In de buurt, ik ben the same, nog steeds met alle OG’s
Linear blocks, corridors, towers, low-density buildings, zonification...are not abstract terms coined by modernists but realities embodied in concrete walls all over Europe. If collective and social housing was, during the last century, the flagship of a revolutionary architectural project, violently imposed over different political, social and geographical conditions, 50 years later we are able to glimpse the fissure and cracks, mistakes and successes of its postulates.
The bodies, attitudes and movements on the screens render the spatial and material conditions of four different but common approaches to collective housing in the 60s and 70s in Europe, and the passage of time. The cases of London and Amsterdam were (at that time) radical architecture and urban planning initiatives promoted by public administrations and aimed at the middle classes. The Parisian case, also public but with social aim, is another innovative spatial example for the time, part of the Grands Ensembles housing models. In Madrid, the UVA of Hortaleza emerged as temporary housing for those affected by the expropriations to build the M-40 ring road. All as public initiatives, all four, however, approach in radically opposite ways to the problem of density in an age marked by the European urban reconstruction, developmentalism and the fall-from-grace of brutalism.

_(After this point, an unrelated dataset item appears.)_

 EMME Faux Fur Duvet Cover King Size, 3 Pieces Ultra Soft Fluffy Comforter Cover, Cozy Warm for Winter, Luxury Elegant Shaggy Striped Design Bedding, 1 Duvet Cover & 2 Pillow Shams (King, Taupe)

Being so different, we can find, however, urban failure as a common theme behind the visual testimony that the passage of time reveals. The modernist approach to the city represented by the Bijlmer, the absolute city, high-rise buildings, hygienism, suburban density, mixed-used units and complex buildings, failed at the same time as the emergence of low-density suburbs as a preferred option for the wealthy classes. The modern high-rise building suffered a process of social segregation (or ghettoisation), the result of the dependency on private transportations and the absence of public infrastructure, facilities and services. The Tours Aillaud and the Alexandra Road Estate represent the incompatibilities of organicism and singular models with the passage of time and the survival and adaptation in time of affordable and accessible housing models. The conversion of the peripheries into mid-peripheries and urban centers, real estate pressure, and public irresponsibility lead us to models of privatisation, transformation and an (in)avoidable gentrification. Finally, the Spanish case shows us the perpetuity of precariousness. The passage of time corrodes the steel railings of the houses, the terraces are occupied by constructions due to the obsolescence of the spatial standards of precarious and temporary housing. The inhabitants, however, cling to them as the only accessible housing solution, on an ‘island’ in the middle of an urban center that was once a suburb.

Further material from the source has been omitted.